### TASK STATEMENT
Pictures are to be skipped. Retype exactly the lines from the top of the material through the one with "Overall, the Tesson", and only those.

### SUPPLIED MATERIAL
⟨

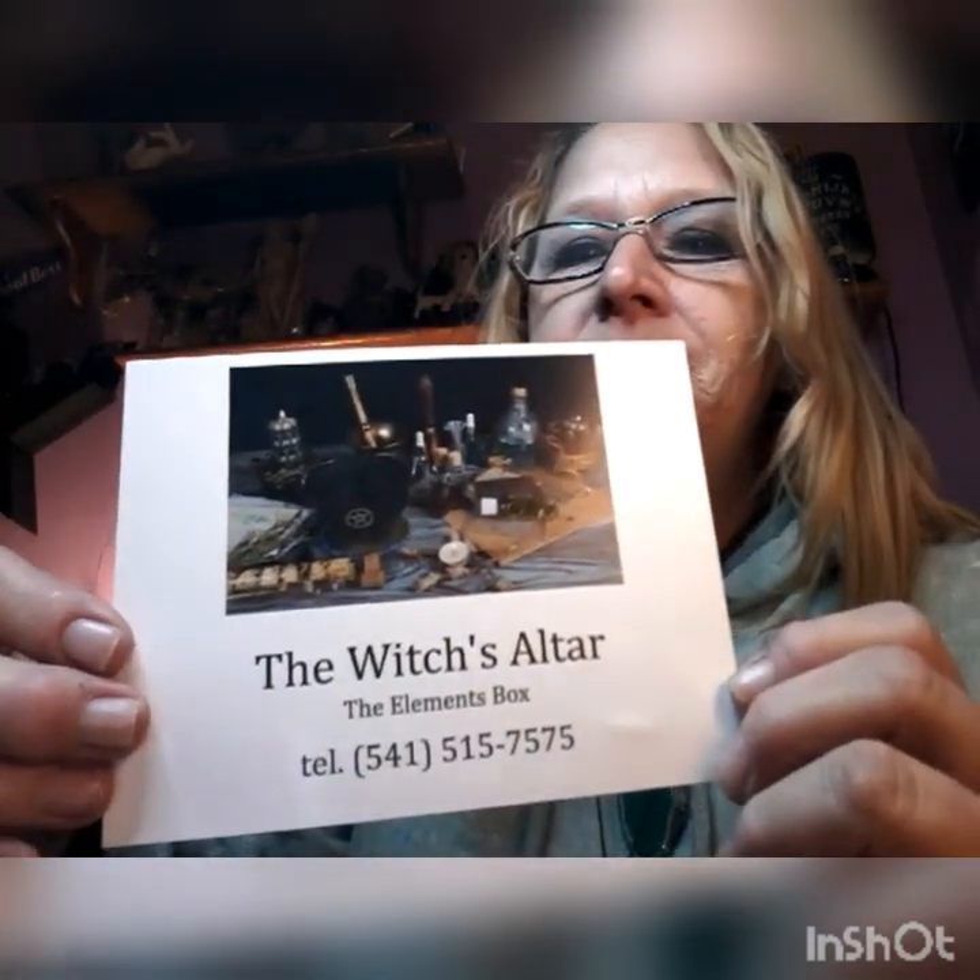Hi guys, welcome! I'm Enchanted Moon and welcome to my unboxing. This is the second time I've gotten this box — it's purple. I've gotten this box once before. This is a new box; I believe it's called the Witch's Altar. And on the back it says 'The Witch's Altar' — this is May's box, also called the Elements Box.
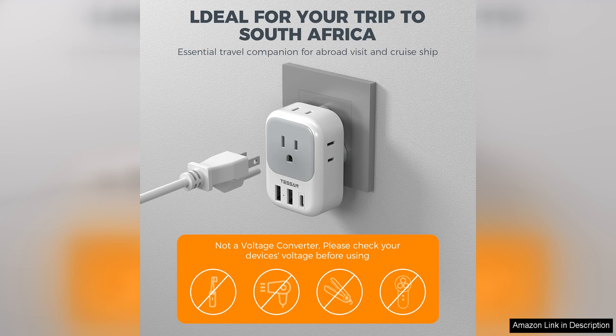Overall, the Tesson South Africa Plug Adapter 2-Pack is a top-notch product that offers convenience, safety, and reliability for travelers. Surge protection, compact design, durability, and compatibility make it a great investment for anyone planning a trip to South Africa. Don't leave home without this essential travel accessory.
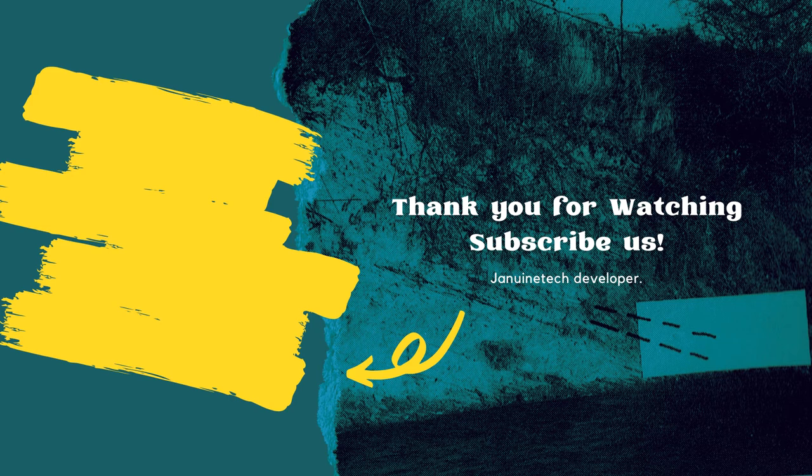I realized I forgot to sign off — thank you guys so much for watching. I hope this was helpful. Like I said, all the recipes and ingredients will be down in the description box, and I'll see you very soon.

⟩

### EXPECTED ANSWER
Hi guys, welcome! I'm Enchanted Moon and welcome to my unboxing. This is the second time I've gotten this box — it's purple. I've gotten this box once before. This is a new box; I believe it's called the Witch's Altar. And on the back it says 'The Witch's Altar' — this is May's box, also called the Elements Box.
Overall, the Tesson South Africa Plug Adapter 2-Pack is a top-notch product that offers convenience, safety, and reliability for travelers. Surge protection, compact design, durability, and compatibility make it a great investment for anyone planning a trip to South Africa. Don't leave home without this essential travel accessory.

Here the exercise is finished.